Political Investigations Reporter
In a matter of hours Tuesday, former President Donald Trump suffered humiliating defeats in courtrooms across the country that put him on track to have his personal taxes exposed, see his company dismantled, face a trial for an alleged rape, and confront the unencumbered power of the Department of Justice.
It was setback after setback for the former president, who would have struggled to keep up with all the bad news hour by hour—just as journalists struggled to keep track of all the updates and court appearances on Tuesday.
Covering the cascade of legal clashes forced this reporter to shuttle between two courthouses on New York’s Centre Street and step out of live testimony for courtroom teleconferences in two different states, while the Supreme Court also ruled that Congress had a right to Trump’s tax returns.
In the midst of this maelstrom of legal trouble, the real estate mogul’s longtime personal accountant completely disavowed the company’s financial shenanigans, saying if he’d known the way executives were dodging taxes for years, he would have died of shock. “I probably would've had a heart attack,” Donald Bender testified in Manhattan criminal court, where the Trump Organization is defending itself at trial against the District Attorney’s Office.
Trump’s terrible, horrible, no good, very bad day started at 10 a.m. in Manhattan civil court, where his family company is fighting the New York Attorney General’s $250 million lawsuit that accuses the company of widespread bank fraud.
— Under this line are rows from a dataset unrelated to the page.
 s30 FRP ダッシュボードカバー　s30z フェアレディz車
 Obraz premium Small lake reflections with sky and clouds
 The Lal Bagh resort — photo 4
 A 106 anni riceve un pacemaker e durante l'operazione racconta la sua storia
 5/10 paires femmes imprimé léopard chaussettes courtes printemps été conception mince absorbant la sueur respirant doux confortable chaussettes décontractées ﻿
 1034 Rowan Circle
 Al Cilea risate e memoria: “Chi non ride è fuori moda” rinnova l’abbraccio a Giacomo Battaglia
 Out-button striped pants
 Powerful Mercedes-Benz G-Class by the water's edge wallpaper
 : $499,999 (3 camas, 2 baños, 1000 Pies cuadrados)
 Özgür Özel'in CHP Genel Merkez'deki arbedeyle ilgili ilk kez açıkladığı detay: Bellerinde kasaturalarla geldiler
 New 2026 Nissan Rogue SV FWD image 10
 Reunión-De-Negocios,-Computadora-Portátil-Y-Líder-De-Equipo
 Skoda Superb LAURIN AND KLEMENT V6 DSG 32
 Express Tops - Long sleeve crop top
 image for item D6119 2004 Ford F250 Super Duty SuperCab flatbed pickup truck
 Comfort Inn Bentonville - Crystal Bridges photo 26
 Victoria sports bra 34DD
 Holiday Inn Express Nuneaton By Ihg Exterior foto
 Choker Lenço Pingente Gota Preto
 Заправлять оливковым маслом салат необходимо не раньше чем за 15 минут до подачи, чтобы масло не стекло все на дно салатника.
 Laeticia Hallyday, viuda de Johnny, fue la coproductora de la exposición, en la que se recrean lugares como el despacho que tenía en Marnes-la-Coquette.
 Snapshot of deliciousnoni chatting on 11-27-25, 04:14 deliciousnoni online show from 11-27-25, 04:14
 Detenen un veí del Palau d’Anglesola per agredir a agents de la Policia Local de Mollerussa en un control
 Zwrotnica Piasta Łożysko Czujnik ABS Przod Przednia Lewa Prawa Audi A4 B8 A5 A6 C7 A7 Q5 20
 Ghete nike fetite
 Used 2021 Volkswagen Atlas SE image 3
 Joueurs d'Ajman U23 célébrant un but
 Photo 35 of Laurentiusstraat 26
Justice Arthur F. Engoron, who had to repeatedly step in during the AG’s three-year investigation to force the Trumps to testify and turn over documents, has finally lost his patience.
The judge, clearly exasperated and wincing from the bench as he spoke, scolded the company for its delay tactics.
“You can’t keep making the same arguments after you’ve already lost,” Engoron told the company’s lawyers.
He set the civil trial for Oct. 2, 2023, which means that Trump’s namesake company might be stripped of its ability to do business in New York in the midst of his next presidential run.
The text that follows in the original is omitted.